2. Kei­ne Kau­sa­li­tät

Außer­dem – so das OLG – sei auch nicht erkenn­bar, dass RA1 von der Ein­ho­lung einer Deckungs­zu­sa­ge abge­se­hen hät­te, wenn ihm RA2 mit­ge­teilt hät­te, dass die Kla­ge ohne Erfolgs­aus­sicht gewe­sen wäre

3. Kein Ver­mö­gens­scha­den

Doch nicht nur an Pflicht­ver­let­zung und Kau­sa­li­tät fehl­te es nach Auf­fas­sung des OLG, son­dern auch an einem (hypo­the­ti­schen) Scha­den.
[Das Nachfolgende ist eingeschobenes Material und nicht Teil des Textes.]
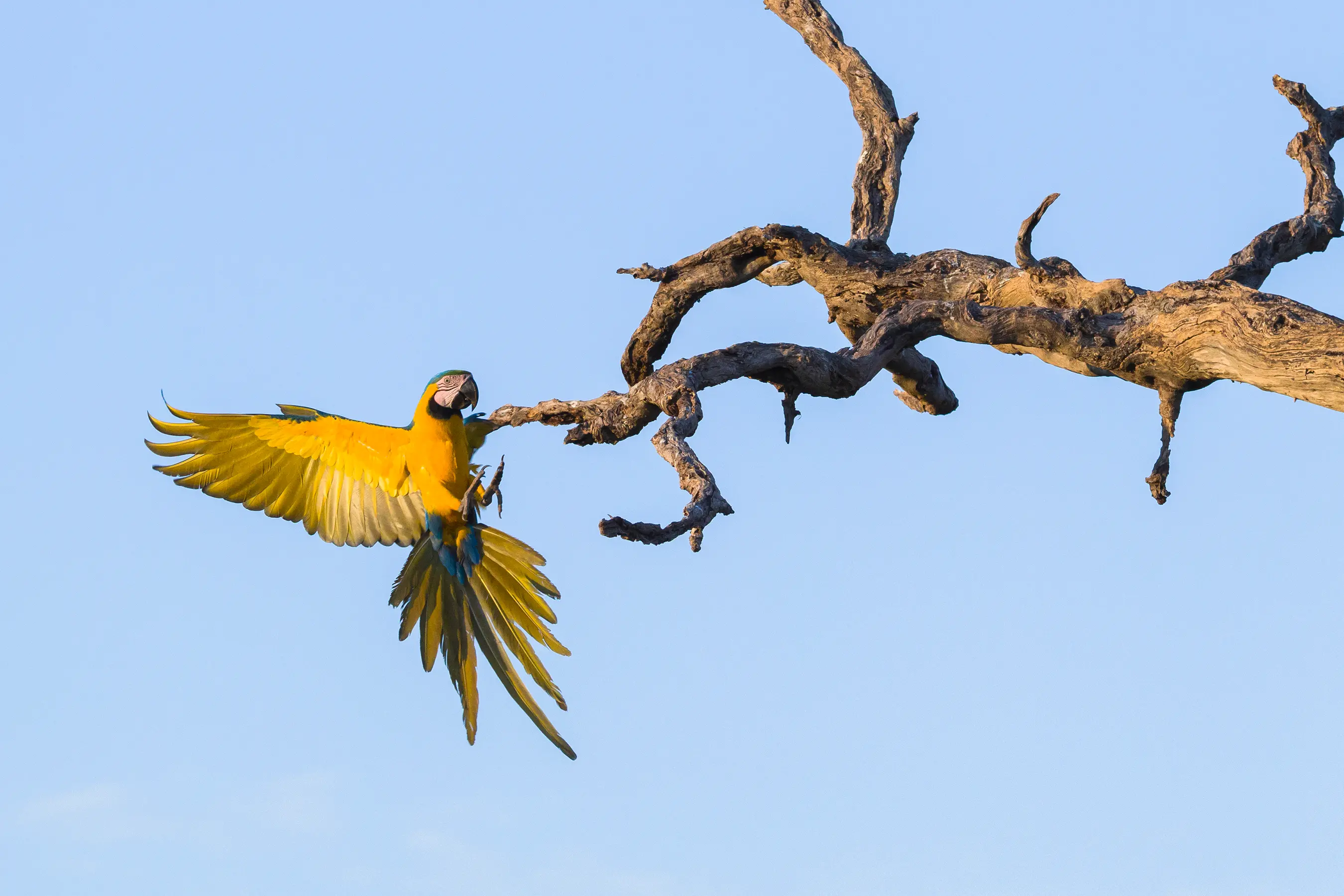 Amazon Discovery Cruise — image 4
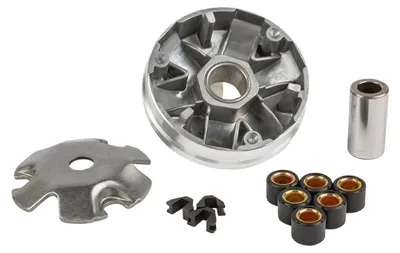 Imagen del producto de Variador MOTOFORCE para motores Peugeot verticales y horizontales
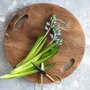 Plateaux - Le Teak Root Plateau - Naturel - L - BAZAR BIZAR LIVING
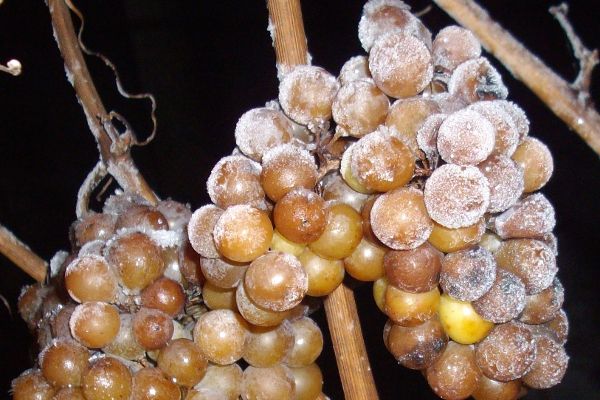 Eiswein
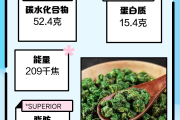 桑叶茶功效作用与主治桑叶茶功效作用与主治与功效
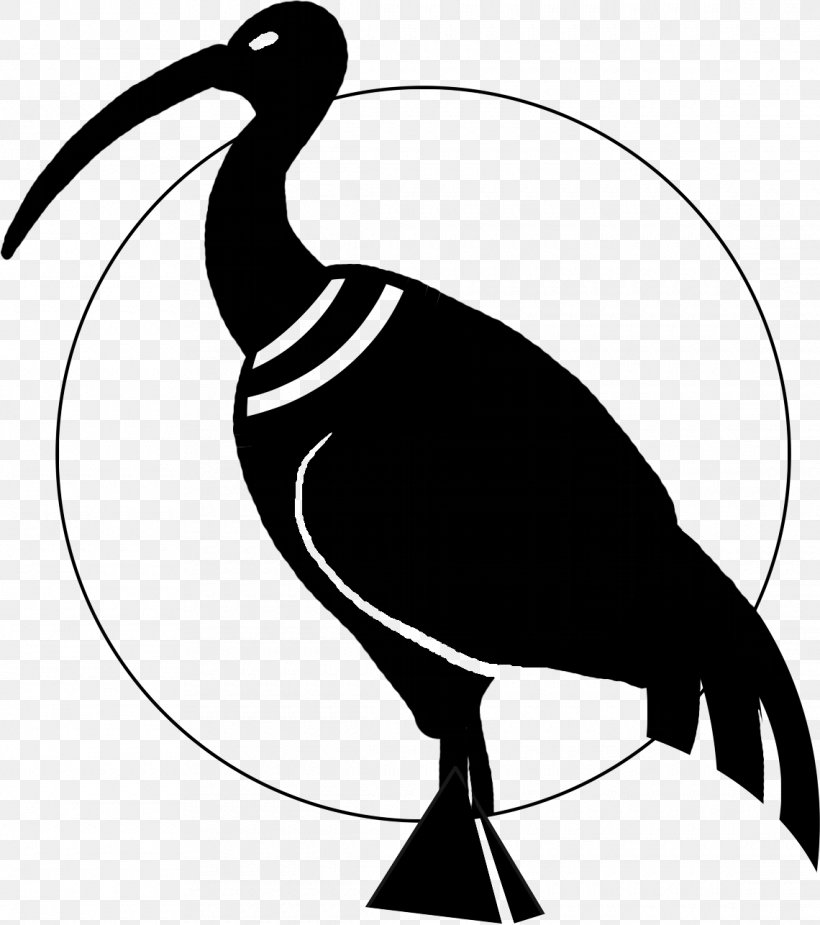 Thoth Ibis Water Bird Beak, PNG, 1140x1286px, Thoth, Anatidae, Artwork, Beak, Bird Download Free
Denn RA1 hat­te vor Ertei­lung der Kos­ten­zu­sa­ge kei­ne Zah­lun­gen erbracht und auch noch kei­nen unbe­ding­ten Anwalts­auf­trag erteilt. Zu kei­nem Zeit­punkt hät­te er also einen Ver­mö­gens­scha­den gehabt, der auf den Rechts­schutz­ver­si­che­rer hät­te über­ge­hen kön­nen.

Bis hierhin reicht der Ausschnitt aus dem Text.